This is because they generally generate one charge carrier for each photon received. Thus the electrical current is proportional to the optical power. And the electrical power, being proportional to the square of current, is proportional to the square of the optical power.

There are some variations. In any detector, not every incident photon generates a carrier, so the quantum efficiency must be taken into account. In a APD or photomultiplier, the generated carrier triggers an electrical gain mechanism, resulting in an effective response greater than one carrier per photon.

Lets assume we transmit with 20mw optical power, and we receive 10mw in optical power at the photo-diode. What is this 10mw equivalent to in terms of electrical power.

You need to multiply by the responsivity of the detector to get the photocurrent.

$$I = P_o R$$

where $P_o$ is the incident optical power.

The responsivity is given by

$$R = \frac{\eta q}{h \nu}$$

where $\eta$ is the quantum efficiency of the device, $q$ is the electron charge, $h$ is Planck's constant, and $\nu$ is the frequency of the incident light.
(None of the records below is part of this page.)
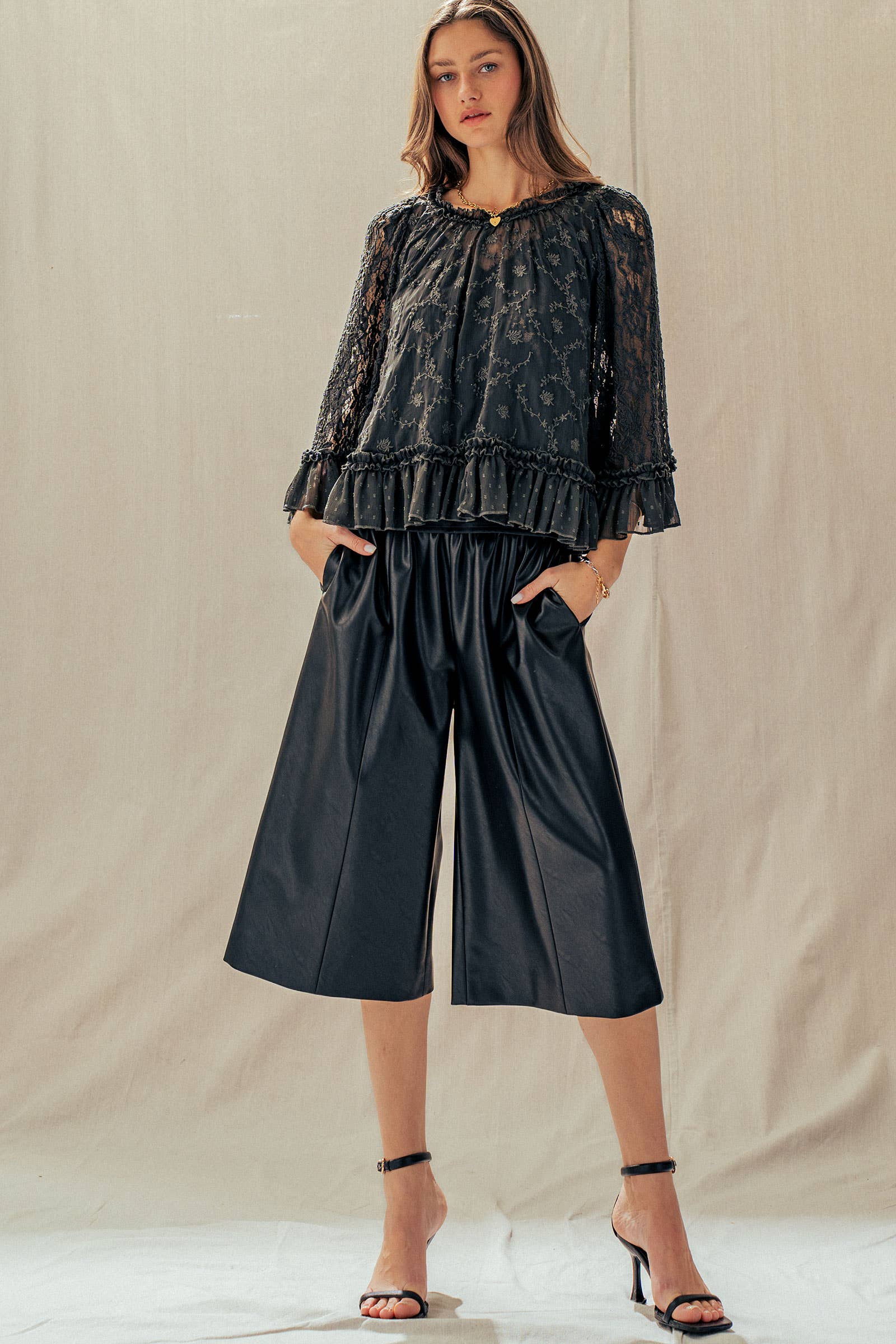 Urban Daizy Black Faux Leather Wide Leg Culotte Pants Black Pants - Women's (UDZ-PT-00490) – alternate view 6
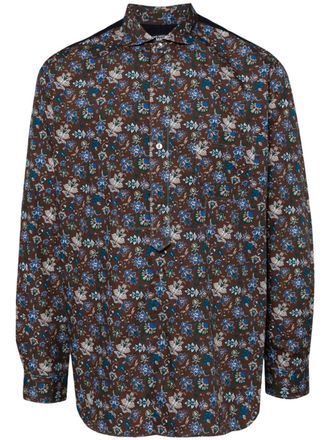 Junya Watanabe paisley striped cotton shirt - Blue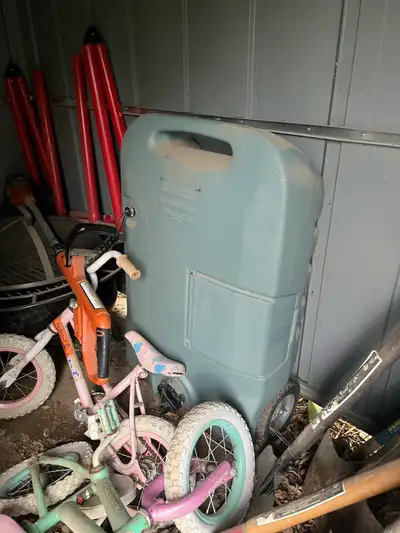 RV sewer tote with 2 drain hoses.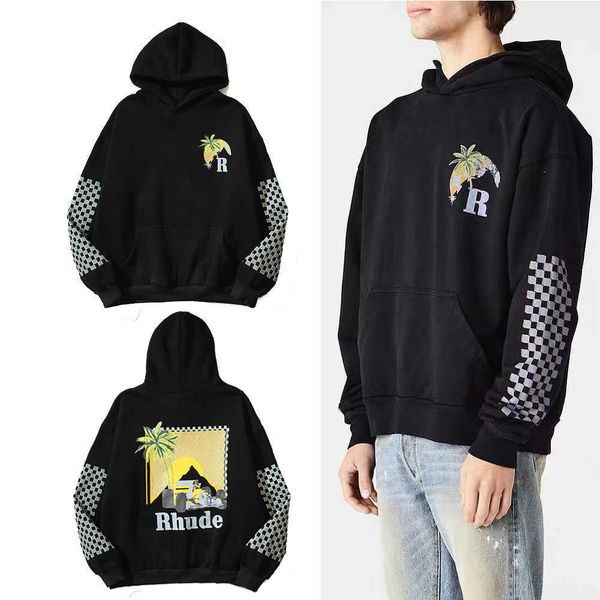 american trendy brand rhude sunset coconut racing letter printed hoodie casual loose men's and women's, Black
american trendy brand rhude sunset coconut racing letter printed hoodie casual loose men's and women's, Black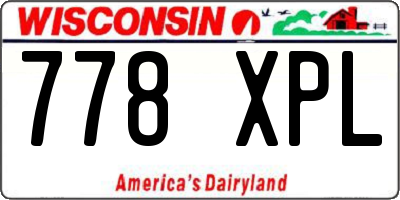 WI license plate 778XPL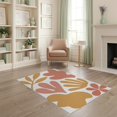thumbnail image 2 of ODIKA 4'x6' Terracotta And Mustard Abstract Shapes Washable Area Rug Modern Organic Leaf Floral Pattern for Bedroom, Reading Nook, Pet Friendly & Non-Shedding, 2 of 7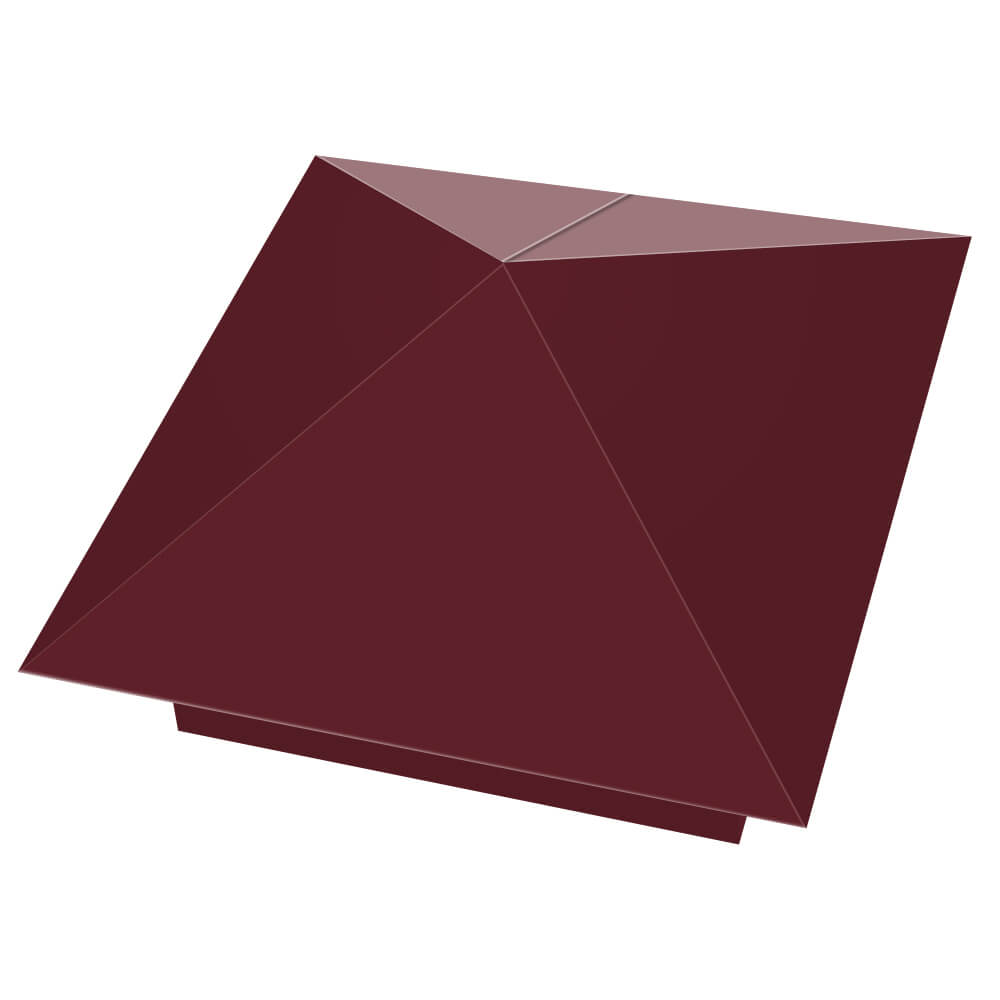 Колпак металлический 390х390мм RAL3005 Красное Вино заборный Ачинск фото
Generally, $\eta$ will be a frequency-dependent parameter.

To get the electrical power generated, you need to multiply the photocurrent by the potential difference across the detector.

Generally, the electrical power is not a primary concern when analyzing receivers in telecommunications (although it is fundamental to the definition of signal-to-noise ratio). However, solar cells work on the same principle, and there electrical power output is of course the primary goal.

X denotes the electrical signal-to-noise ratio (which is proportional to the square of the received optical power Pr)

This is true when the dominant source of noise in the receiver is from the receiver amplifier (so the noise term is constant and only the signal term varies), which is a very common, but not universal, situation.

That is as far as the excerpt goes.